Abstract 5601
Background
In contrast to general belief, a substantial part of the human protein coding transcriptome is abundantly present in the blood as extracellular mRNA, ready to exploited. It is well known that cancer cells actively and passively release RNA cargo into circulation and their detection may inform on the patient disease status.
Methods
We developed and applied a probe based RNA capture sequencing method as a sensitive RNA sequencing workflow to study thousands of transcripts in cell-free RNA from cancer patients’ plasma. The method is based on exome-style enrichment of a randomly primed cDNA library with preservation of strandedness information. More than one million capture probes target 21,000 human messenger RNA and 60,000 human long non-coding RNA genes. Apart from RNA abundance profiling, this type of data can also be used to detect structural RNA variants, such as somatic mutations, fusion genes, and RNA editing events, all known to play an important role in cancer.
Results
On average, between 6000-10,000 RNA genes are reproducibly detected in 0.2 ml of plasma. Detection and coverage sensitivity is greatly increased by using larger plasma volume and improved adaptor ligation strategies. We also observed a positive correlation between number of platelets in plasma and detected genes and variants, in line with their tumor-educated nature. Our benchmarked RNA variant pipeline identifies thousands of germline and somatic variants in circulating mRNA. A dedicated titration experiment in which plasma from cancer and healthy individuals were mixed in known ratios demonstrates excellent quantitative performance. Pronounced RNA abundance differences and enriched pathways are observed between cancer types and during treatment.
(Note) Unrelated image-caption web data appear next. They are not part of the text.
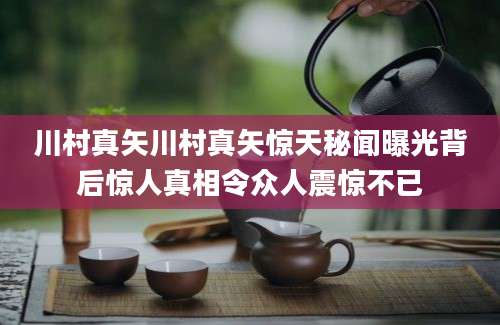 川村真矢川村真矢惊天秘闻曝光背后惊人真相令众人震惊不已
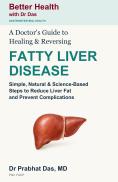 Cover of A Doctor's Guide to Healing & Reversing Fatty Liver Disease by Dr. Prabhat Das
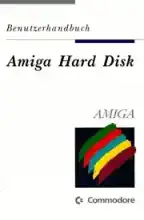 Amiga Hard Disk Benutzerhandbuch Amiga Hard Disk Benutzerhandbuch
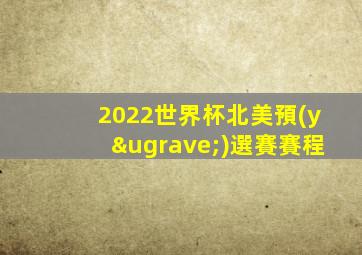 2022世界杯北美預(yù)選賽賽程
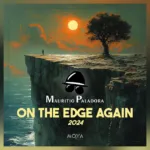 Mauritio Paladora – On the edge again (2024)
The RNA capture sequencing also works on other body fluids, such as urine and serum, and simultaneous targeting of mRNA and lncRNA provides substantial enrichment of otherwise low-abundant lncRNAs.
Conclusions
RNA capture sequencing of liquid biopsies is a promising new application to support precision oncology and is expected to enhance therapy stratification, treatment response monitoring and early detection of relapse.
Clinical trial identification
Legal entity responsible for the study
Biogazelle and Ghent University
Funding
Biogazelle, Illumina
Disclosure
J. Vandesompele: Apart from professorship at Ghent University, co-founder and part-time CSO at Biogazelle, a Ghent University spin-off company.